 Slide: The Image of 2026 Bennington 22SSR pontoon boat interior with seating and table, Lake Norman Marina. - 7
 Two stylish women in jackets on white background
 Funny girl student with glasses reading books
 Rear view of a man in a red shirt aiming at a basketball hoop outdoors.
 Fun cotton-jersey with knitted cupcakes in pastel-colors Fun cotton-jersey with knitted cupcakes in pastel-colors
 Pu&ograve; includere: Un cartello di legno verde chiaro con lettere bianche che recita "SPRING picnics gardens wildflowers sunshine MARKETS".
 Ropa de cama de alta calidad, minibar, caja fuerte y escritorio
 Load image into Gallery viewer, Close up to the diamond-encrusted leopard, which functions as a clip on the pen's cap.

________

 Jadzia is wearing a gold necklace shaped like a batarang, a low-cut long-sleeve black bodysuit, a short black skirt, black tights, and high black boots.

________

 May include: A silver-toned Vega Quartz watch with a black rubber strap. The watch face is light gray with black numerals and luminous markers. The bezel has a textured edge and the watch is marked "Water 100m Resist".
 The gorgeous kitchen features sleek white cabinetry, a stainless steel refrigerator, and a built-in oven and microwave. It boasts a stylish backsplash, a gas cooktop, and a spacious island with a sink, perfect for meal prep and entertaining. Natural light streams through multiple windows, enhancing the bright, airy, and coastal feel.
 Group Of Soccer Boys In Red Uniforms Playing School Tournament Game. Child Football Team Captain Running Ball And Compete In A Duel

________

TASK PROMPT
Restate word for word the entries above from the line with "Ropa de cama" through the line with "Load image into", inclusive, leaving out everything else.

RESULT
 Ropa de cama de alta calidad, minibar, caja fuerte y escritorio
 Load image into Gallery viewer, Close up to the diamond-encrusted leopard, which functions as a clip on the pen's cap.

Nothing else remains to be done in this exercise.